Un amplio porcentaje de la población afectada por estas prácticas de control sexual eran niñas en el momento del encuentro abusivo, dando paso a múltiples repercusiones negativas en función del ejercicio de poder sobre sus cuerpos, afectando su salud mental y física, las relaciones familiares, la posibilidad de continuar con la educación formal, entre otras.

Las profundas relaciones asimétricas de poder que se dan con la presencia del personal expatriado (sean militares o civiles) se han convertido en un aprovechamiento de la inseguridad material y financiera que llevó a mujeres y niñas a tener sexo de supervivencia con la esperanza de salir de la pobreza u obtener alguna compensación material. A largo plazo sólo encontraron la profundización de su precariedad personal, familiar y comunitaria.

Pero la multimillonaria operación MINUSTHA (con un presupuesto de más de 300 millones de dólares al año) y sus resultados no termina aquí. Esta Operación de Mantenimiento de la Paz también estuvo implicada directamente en la importación de la cepa del Vibrio cholerae de Nepal hacia Haití, desencadenando la peor epidemia de cólera en la historia del país y la mayor de los últimos tiempos a escala mundial.

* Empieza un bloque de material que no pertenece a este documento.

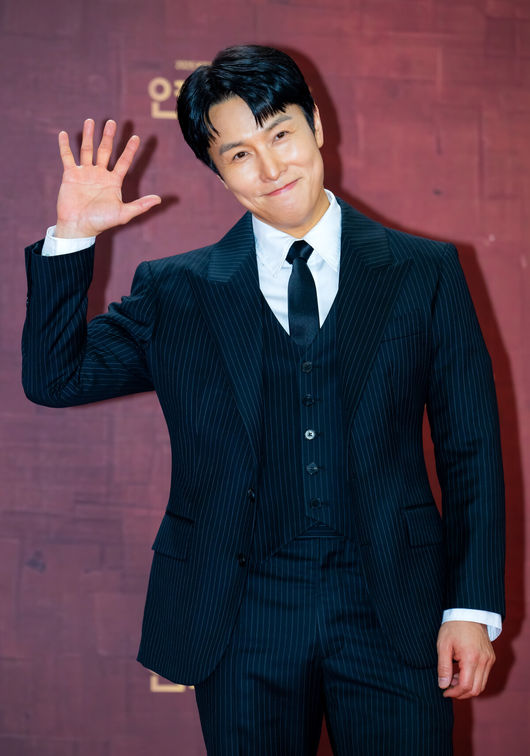 [OSEN=민경훈 기자] 31일 오후 서울 영등포구 여의도 KBS 신관 웨딩홀에서 2025 KBS 연기대상 레드카펫 포토월 행사가 열렸다.이날 오후 7시 10분 생방송으로 진행되는 ‘2025 KBS 연기대상’에서는 미니시리즈, 장편 드라마, 일일드라마 부문별 우수상과 최우수상을 비롯해 베스트 커플상, 인기상, 조연상, 신인상 등 시상이 진행된다.배우 김동완이 무대 위에서 포즈를 취하고 있다. 2025.12.31 /rumi@osen.co.kr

La enfermedad de cólera, potenciada por las precarias condiciones de acceso al agua y al saneamiento seguro y el frágil sistema de salud en el país, llevó a la muerte a más de 9.000 haitianos y haitianas, según cifras oficiales; prestigiosos expertos sostienen que las muertes reales serían más de 50 mil. Asimismo, se estiman entre 800 mil y más de 1 millón de casos de cólera, sin contar las consecuencias psicológicas, económicas y sociales de la epidemia. En República Dominicana, las muertes superaron las 450.

Los responsables institucionales de la ONU participaron directamente en el ocultamiento del origen del brote como también de su impacto y letalidad inicial; fueron actores determinantes en su propagación y luego en el encubrimiento e impunidad de los responsables. También participaron en el diseño de una multiplicidad de planes de respuesta que sólo tendieron a reproducir una industria de la “ayuda humanitaria” para las burocracias de organismos, expatriados y ONGN (Organizaciones No gubernamentales del Norte global), que no resolvieron la catástrofe y sólo tuvieron como resultado el debilitamiento de la soberanía sanitaria de Haití, dejando al sistema de salud pública haitiano tan débil como al inicio de la crisis epidemiológica.

Todas estas acciones, bajo el manto de las Operaciones de Mantenimiento de Paz, han gozado de impunidad absoluta en términos de sanción jurídica y reparación, más allá de simples declaraciones de arrepentimiento moral.

Lo ocurrido en Haití ha dejado al desnudo la impunidad como consecuencia efectiva de la “inmunidad” y el carácter autoritario y colonial con que actúan el Consejo de Seguridad y las Operaciones de Paz de la ONU, más allá de la ética, más allá de todo límite del Derecho y de su propia legalidad.

A esto se suma el eurocentrismo y colonialidad de un sistema internacional de cooperación “al desarrollo” que sólo reforzó la presencia de las ONGs del Norte y cooperantes de carácter transnacional. La Comunidad Internacional ha evidenciado su fracaso bajo las lógicas reglas imperantes.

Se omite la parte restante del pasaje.